Matthew Higgs, director of White Columns: “In late 2005 Barbara Gladstone, who I didn’t know well at the time, invited me to organize her gallery’s 2006 summer exhibition. (This is from a time when organizing summer group shows was a kind of competitive sport among New York galleries!) I had only moved to New York in the previous year and Barbara’s invitation was both an honor and a challenge. The resulting exhibition ‘Dereconstruction’ remains one of my personal favorite curatorial projects and working with Barbara and her team remains among the best experiences – professional and otherwise – that l’ve had in 30+ years working in/around the art world. Barbara’s sensitivity to art, artists – and curators – was a thing to behold. She will be greatly missed.”

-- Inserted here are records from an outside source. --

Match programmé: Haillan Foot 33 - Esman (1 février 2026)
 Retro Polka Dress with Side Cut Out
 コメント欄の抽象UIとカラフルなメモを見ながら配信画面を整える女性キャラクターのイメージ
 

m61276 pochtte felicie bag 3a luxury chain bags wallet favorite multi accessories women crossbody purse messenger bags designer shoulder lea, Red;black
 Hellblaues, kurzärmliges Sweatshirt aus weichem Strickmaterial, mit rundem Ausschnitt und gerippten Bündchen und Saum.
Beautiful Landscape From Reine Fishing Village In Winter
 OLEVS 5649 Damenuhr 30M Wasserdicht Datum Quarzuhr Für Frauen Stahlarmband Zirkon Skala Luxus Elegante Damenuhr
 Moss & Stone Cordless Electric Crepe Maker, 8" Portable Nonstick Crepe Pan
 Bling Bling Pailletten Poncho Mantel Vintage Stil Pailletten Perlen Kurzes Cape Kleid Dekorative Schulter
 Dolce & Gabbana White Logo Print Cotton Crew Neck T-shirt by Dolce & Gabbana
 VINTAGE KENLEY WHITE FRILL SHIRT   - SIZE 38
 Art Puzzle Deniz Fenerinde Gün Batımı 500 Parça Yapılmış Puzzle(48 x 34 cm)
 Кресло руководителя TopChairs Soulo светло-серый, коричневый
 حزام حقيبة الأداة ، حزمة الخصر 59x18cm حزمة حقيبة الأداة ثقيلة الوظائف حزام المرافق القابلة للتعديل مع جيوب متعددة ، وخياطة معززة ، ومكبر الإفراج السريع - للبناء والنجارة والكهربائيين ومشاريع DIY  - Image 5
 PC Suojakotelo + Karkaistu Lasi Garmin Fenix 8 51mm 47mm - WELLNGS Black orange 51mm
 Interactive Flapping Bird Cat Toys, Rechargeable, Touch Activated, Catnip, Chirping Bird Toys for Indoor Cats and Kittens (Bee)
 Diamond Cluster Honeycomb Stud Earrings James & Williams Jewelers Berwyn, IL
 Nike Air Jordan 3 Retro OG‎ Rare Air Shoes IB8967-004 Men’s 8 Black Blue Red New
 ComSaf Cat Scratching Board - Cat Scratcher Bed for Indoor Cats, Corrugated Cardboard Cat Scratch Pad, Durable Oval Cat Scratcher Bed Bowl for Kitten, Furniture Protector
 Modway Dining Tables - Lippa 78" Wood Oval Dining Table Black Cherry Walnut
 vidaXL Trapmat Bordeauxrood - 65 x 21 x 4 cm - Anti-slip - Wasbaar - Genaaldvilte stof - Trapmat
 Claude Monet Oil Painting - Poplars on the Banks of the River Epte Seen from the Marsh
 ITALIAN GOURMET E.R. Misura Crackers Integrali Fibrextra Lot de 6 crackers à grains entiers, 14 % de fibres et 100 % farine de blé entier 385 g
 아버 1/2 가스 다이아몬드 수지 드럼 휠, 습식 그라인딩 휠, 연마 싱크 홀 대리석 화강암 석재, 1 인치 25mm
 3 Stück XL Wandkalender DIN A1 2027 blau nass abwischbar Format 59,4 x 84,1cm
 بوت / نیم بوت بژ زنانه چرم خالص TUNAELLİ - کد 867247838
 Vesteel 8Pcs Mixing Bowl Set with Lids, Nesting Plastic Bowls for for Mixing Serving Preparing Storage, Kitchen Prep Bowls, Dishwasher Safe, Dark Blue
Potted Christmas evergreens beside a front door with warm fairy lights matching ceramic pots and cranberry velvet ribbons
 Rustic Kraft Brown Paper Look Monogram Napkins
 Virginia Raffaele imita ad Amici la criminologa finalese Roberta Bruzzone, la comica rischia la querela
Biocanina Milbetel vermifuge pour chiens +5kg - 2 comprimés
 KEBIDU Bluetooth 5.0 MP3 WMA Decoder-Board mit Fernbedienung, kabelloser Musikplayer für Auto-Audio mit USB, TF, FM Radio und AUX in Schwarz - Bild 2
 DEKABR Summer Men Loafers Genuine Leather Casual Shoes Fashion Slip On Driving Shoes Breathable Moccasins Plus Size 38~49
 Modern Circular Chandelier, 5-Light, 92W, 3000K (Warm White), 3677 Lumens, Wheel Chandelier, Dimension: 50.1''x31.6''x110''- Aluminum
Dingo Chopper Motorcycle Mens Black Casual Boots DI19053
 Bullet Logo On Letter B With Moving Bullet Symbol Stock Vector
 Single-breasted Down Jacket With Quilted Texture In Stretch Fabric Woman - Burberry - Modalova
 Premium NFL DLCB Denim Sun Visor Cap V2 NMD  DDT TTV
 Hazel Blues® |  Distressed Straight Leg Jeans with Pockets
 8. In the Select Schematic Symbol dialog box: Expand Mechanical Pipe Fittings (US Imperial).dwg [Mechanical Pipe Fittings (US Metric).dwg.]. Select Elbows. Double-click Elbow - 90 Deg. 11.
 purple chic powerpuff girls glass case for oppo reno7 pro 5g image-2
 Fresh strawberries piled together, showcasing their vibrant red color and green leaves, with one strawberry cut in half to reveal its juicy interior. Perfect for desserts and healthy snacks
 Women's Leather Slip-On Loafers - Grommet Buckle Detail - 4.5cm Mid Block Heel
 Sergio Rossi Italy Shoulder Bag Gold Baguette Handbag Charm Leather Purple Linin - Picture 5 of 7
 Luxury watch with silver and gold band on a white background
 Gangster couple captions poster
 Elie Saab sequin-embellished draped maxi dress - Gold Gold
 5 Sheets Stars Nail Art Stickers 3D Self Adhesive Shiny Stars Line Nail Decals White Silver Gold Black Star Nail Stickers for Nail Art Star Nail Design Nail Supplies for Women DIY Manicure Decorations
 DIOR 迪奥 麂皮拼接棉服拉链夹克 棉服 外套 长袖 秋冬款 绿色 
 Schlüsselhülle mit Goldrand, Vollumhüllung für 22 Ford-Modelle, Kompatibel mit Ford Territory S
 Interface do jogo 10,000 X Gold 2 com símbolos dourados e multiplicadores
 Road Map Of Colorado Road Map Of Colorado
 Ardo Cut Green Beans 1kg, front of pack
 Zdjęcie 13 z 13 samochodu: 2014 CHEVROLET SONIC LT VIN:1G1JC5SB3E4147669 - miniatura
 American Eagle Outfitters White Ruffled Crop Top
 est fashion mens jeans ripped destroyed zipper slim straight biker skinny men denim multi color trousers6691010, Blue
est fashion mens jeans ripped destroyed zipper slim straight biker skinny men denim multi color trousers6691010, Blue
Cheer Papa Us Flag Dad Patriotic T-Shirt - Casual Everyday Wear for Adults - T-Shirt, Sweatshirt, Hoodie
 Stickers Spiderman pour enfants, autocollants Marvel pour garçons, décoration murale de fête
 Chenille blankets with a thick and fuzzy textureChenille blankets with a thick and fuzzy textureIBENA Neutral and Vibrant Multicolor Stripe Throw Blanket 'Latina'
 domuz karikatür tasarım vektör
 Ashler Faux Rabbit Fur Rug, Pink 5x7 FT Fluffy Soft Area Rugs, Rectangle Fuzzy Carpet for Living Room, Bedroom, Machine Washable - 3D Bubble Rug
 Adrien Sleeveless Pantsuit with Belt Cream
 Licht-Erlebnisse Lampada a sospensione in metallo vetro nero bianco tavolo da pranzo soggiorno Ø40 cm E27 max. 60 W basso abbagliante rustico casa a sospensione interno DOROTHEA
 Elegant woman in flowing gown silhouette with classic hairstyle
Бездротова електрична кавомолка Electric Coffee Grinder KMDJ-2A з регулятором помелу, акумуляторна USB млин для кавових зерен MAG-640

Jerry Saltz, critic: “R.I.P. Barbara Gladstone. Gallerist in extreme. A friend, tremendous business woman, a force behind the scenes, whose gallery was always changing but grew and grew without going “mega,” into one of the greatest galleries in the world. This is a big one. When I was a very young artist, Barbara represented me for a time. Before I stopped making art and self-exiled into the trucks. We were friends. Then estranged. Then friends. Had many dinners with her. Then didn’t. But absolute respect for her achievements, her life, her will, and her love.”